General Motors (GM) will not have to face dozens of lawsuits accusing it of concealing an ignition-switch defect that has been blamed for more than 200 deaths and serious injuries, a U.S. bankruptcy judge ruled on Wednesday.
Plaintiffs in the lawsuits said the company violated their constitutional rights by failing to disclose the defect, while GM had argued it was protected from claims on vehicles pre-dating its 2009 exit from Chapter 11 bankruptcy.
The decision by U.S. Bankruptcy Judge Robert Gerber means GM may avoid potentially billions of dollars in liability, as well as the cost of defending those lawsuits, although claims arising after its bankruptcy will not be affected. The plaintiffs will have to file their claims instead against the financially limited “Old GM,” the shell company comprised of bad assets GM shed in bankruptcy.
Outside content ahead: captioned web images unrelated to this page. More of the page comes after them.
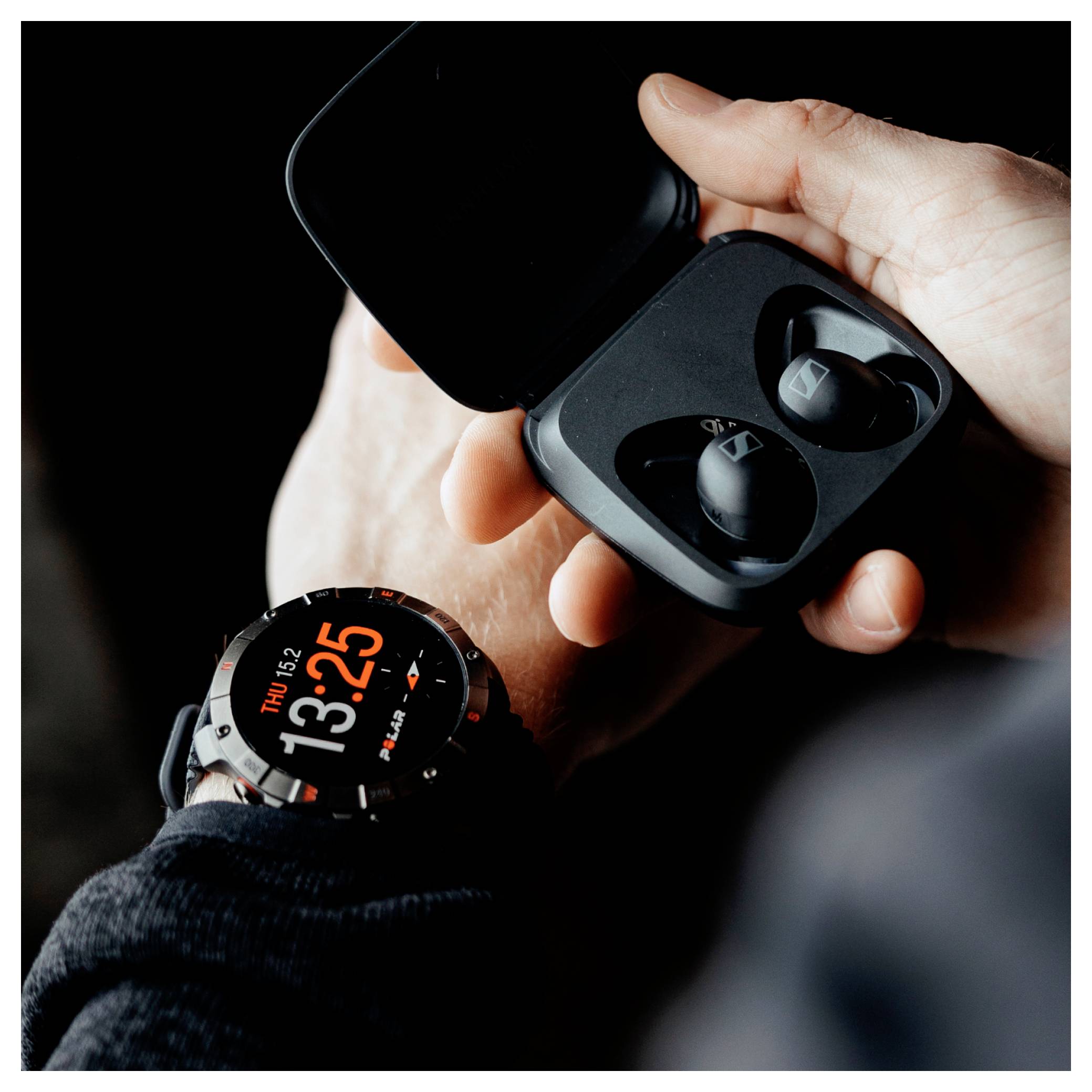 Une personne portant une montre connectée ouvre un boîtier noir d'écouteurs, révélant un écouteur. La montre affiche l'heure 13:25 et Jeu.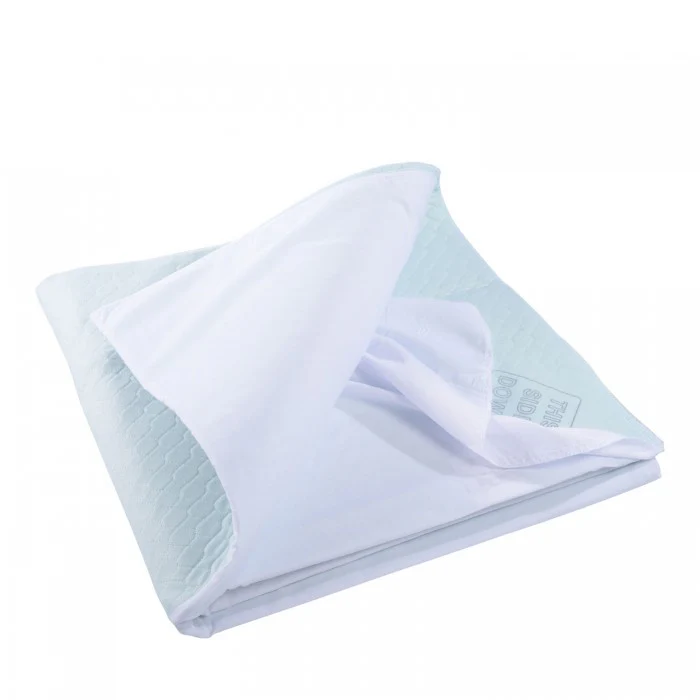 drycare-absorbent-bed-pad-tuckins-laminated-XD-100-SB-LAM-original-flipped-left-700x800 Drycare Deluxe Absorbent Bed Pad Sky Blue 100cm x 100cm, Each - All Types - Image 1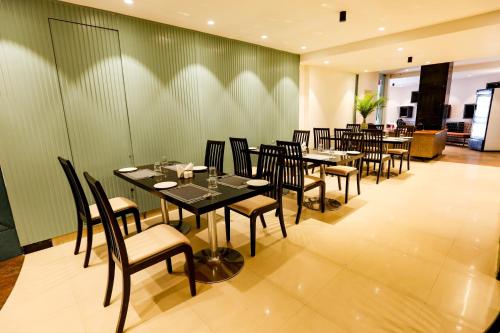a restaurant with tables and chairs in a room at Spree Manor Hotel in Aurangabad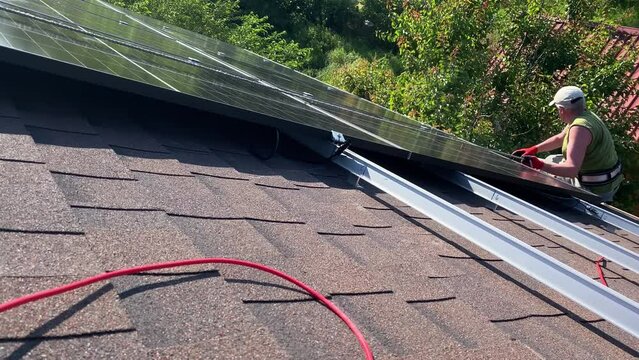 Worker prepare and cleans roof for installation of PV solar panels on bituminous tiles roof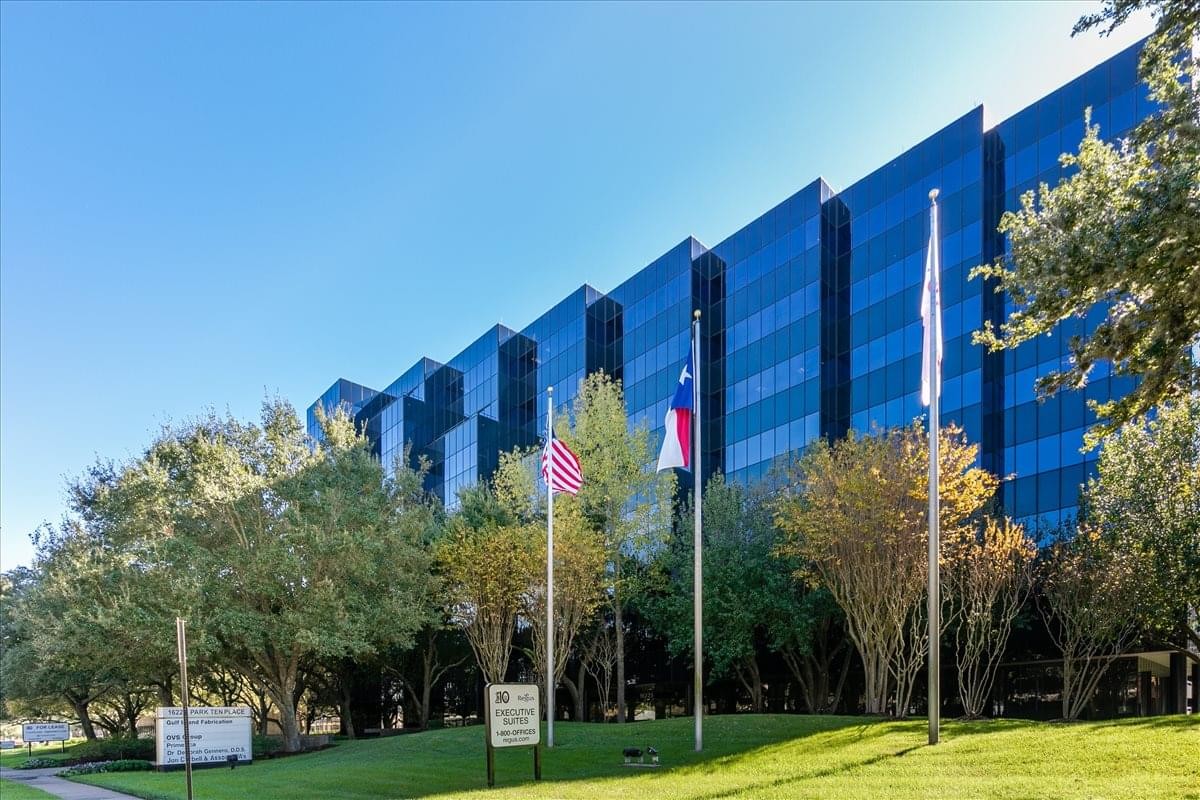 Exterior view of the glass-facade 16225 Park Ten Place building with a manicured lawn.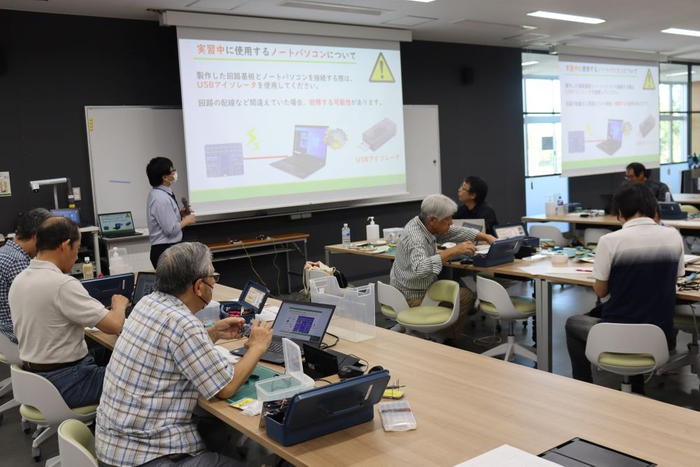 真剣な表情で説明に耳を傾ける受講生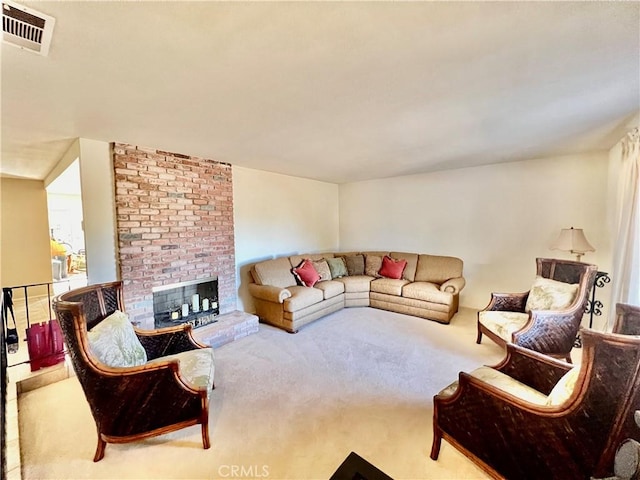 living room with light colored carpet and a brick fireplace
The claims center on a faulty ignition switch in some older vehicle models that could slip out of position, cutting power to brakes, steering and airbags. Last year GM recalled 2.6 million vehicles with the switch, and later issued a series of additional recalls for other safety issues. The defect was linked to nearly 160 injuries and 84 deaths.
The claims mostly allege loss in vehicle value, as GM has already agreed to compensate most injury and death claimants through a separate fund. However, some personal injury and death claimants who were not compensated through the fund are among those now suing the company.
GM shares rose 45 cents to $37.39 in after-hours trading following the decision.